Going from the top of the listing below to the line that holds "I want to listen", reproduce each line exactly; no pictures.
───
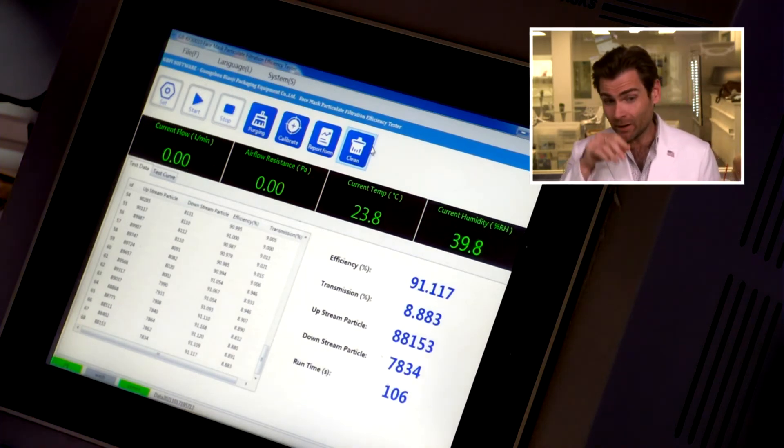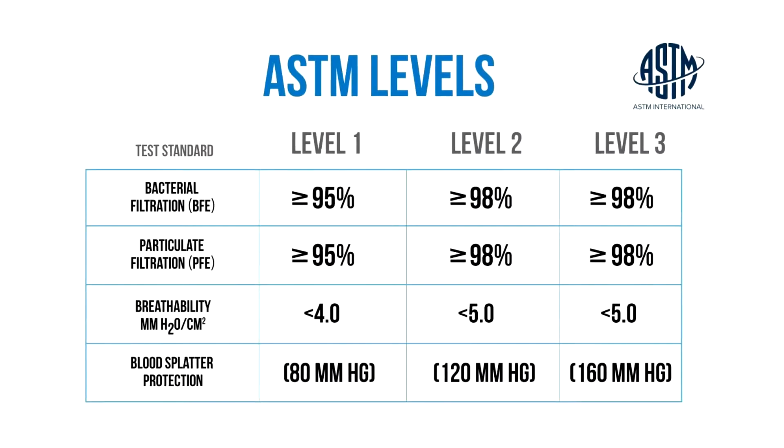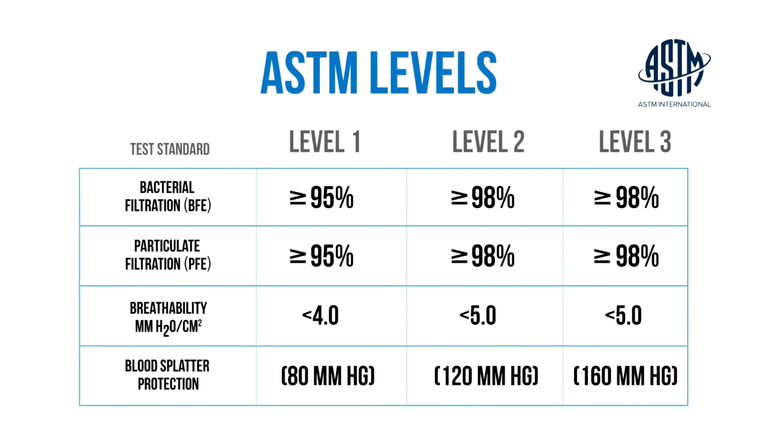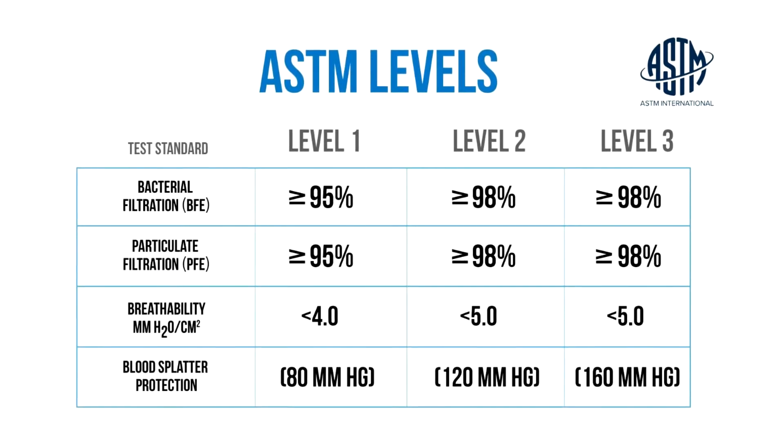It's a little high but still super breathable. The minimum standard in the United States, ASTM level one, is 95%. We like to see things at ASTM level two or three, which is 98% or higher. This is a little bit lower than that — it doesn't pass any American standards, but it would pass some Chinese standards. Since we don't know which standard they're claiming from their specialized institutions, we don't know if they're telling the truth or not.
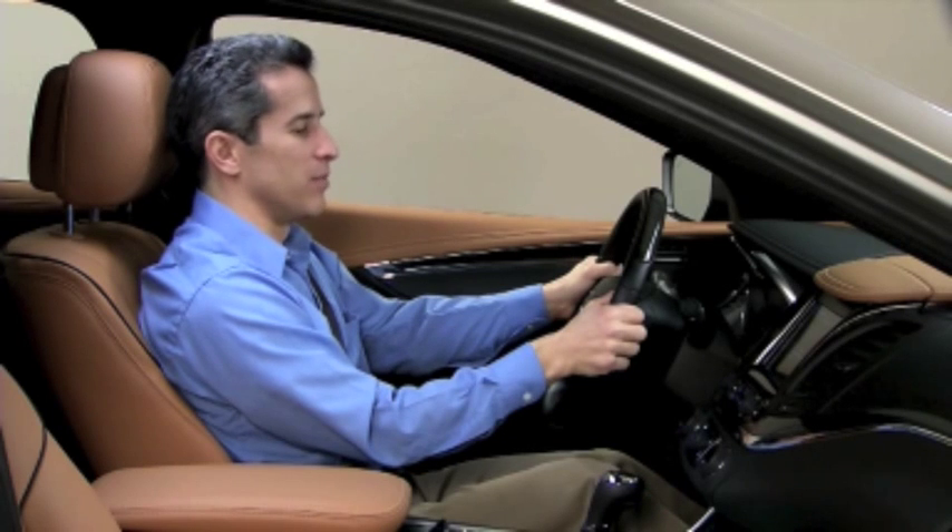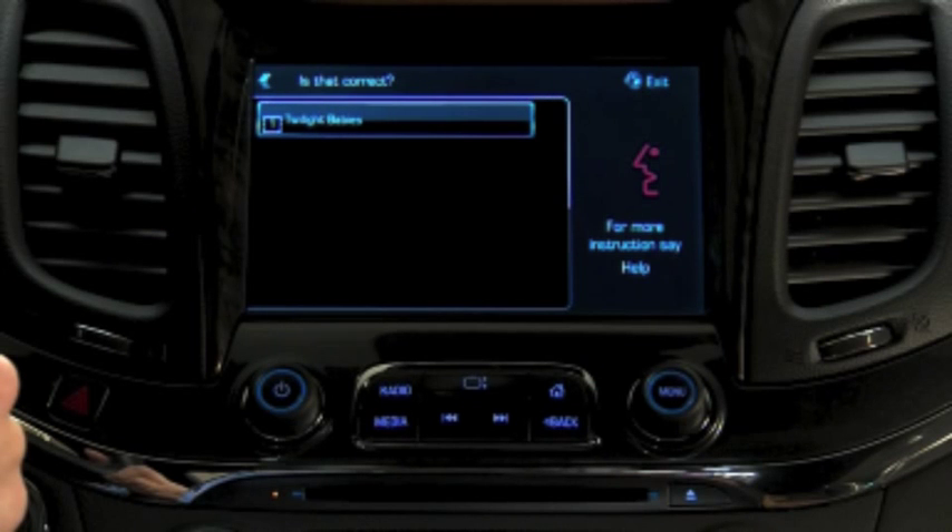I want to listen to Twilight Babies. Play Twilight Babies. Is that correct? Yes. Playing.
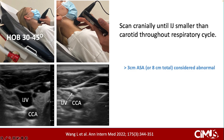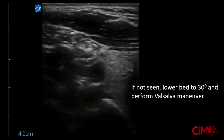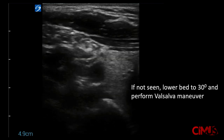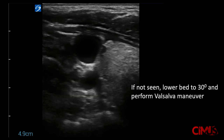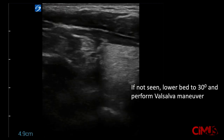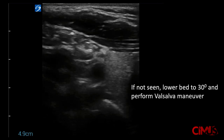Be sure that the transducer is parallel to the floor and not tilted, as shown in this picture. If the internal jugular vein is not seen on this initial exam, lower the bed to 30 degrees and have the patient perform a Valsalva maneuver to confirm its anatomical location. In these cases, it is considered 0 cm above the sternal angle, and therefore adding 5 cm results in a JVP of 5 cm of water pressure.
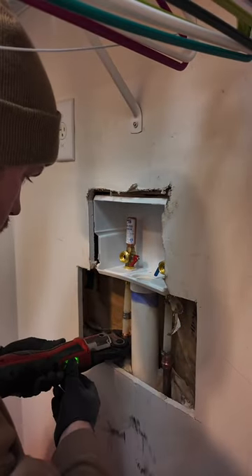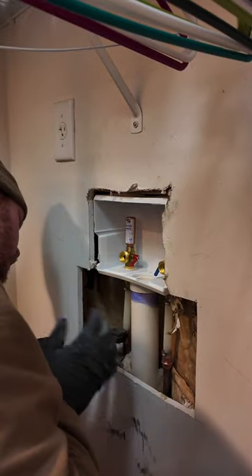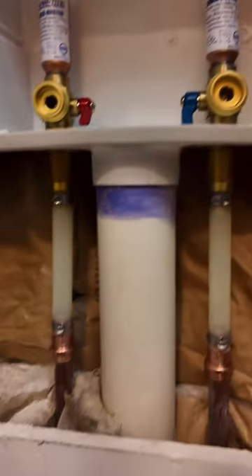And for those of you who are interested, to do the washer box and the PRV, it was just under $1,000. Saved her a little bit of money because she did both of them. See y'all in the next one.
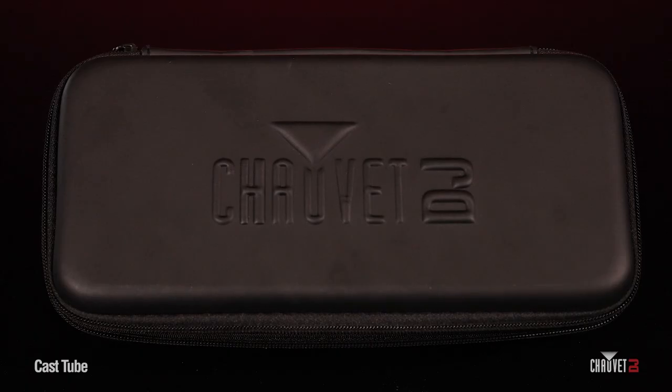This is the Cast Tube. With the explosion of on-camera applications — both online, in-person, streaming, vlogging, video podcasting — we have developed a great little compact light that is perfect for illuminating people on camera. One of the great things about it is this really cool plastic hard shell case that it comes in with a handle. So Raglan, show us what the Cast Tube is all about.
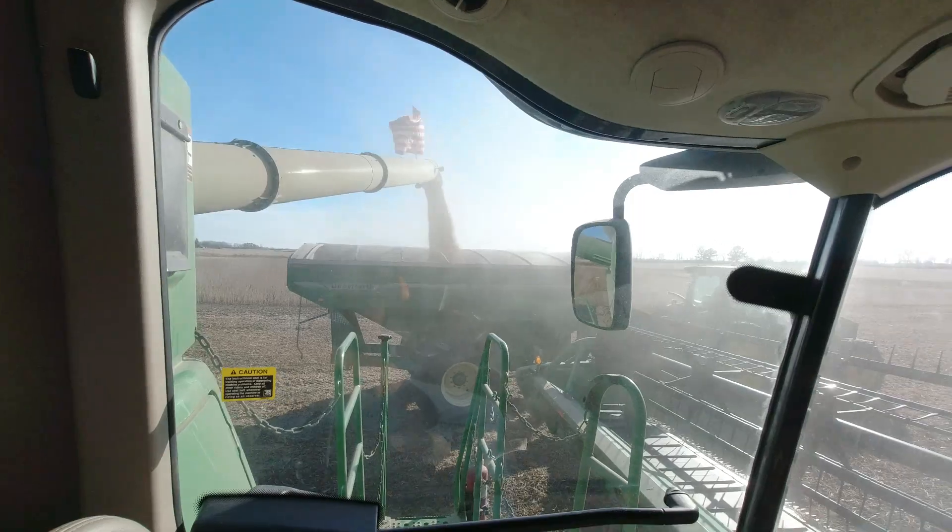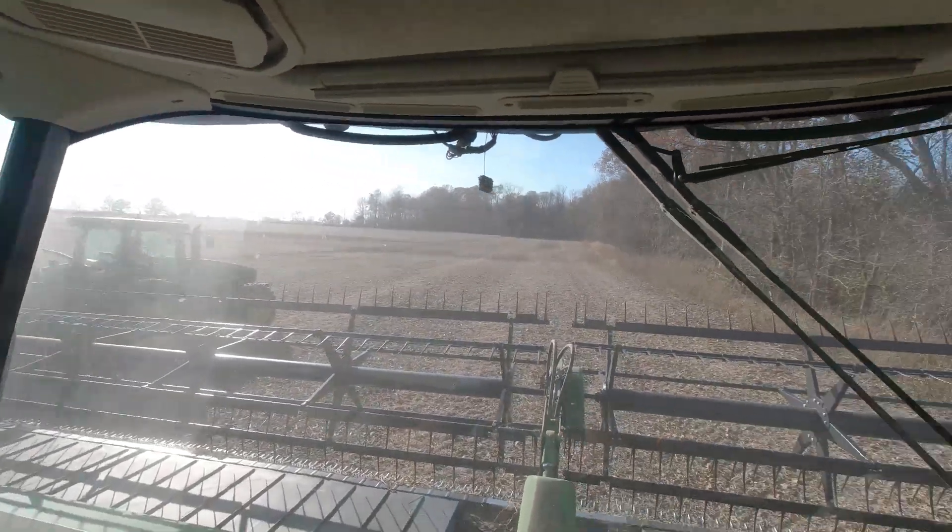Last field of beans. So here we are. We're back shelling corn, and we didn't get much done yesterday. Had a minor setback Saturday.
───
Answer below
It's a little high but still super breathable. The minimum standard in the United States, ASTM level one, is 95%. We like to see things at ASTM level two or three, which is 98% or higher. This is a little bit lower than that — it doesn't pass any American standards, but it would pass some Chinese standards. Since we don't know which standard they're claiming from their specialized institutions, we don't know if they're telling the truth or not.
I want to listen to Twilight Babies. Play Twilight Babies. Is that correct? Yes. Playing.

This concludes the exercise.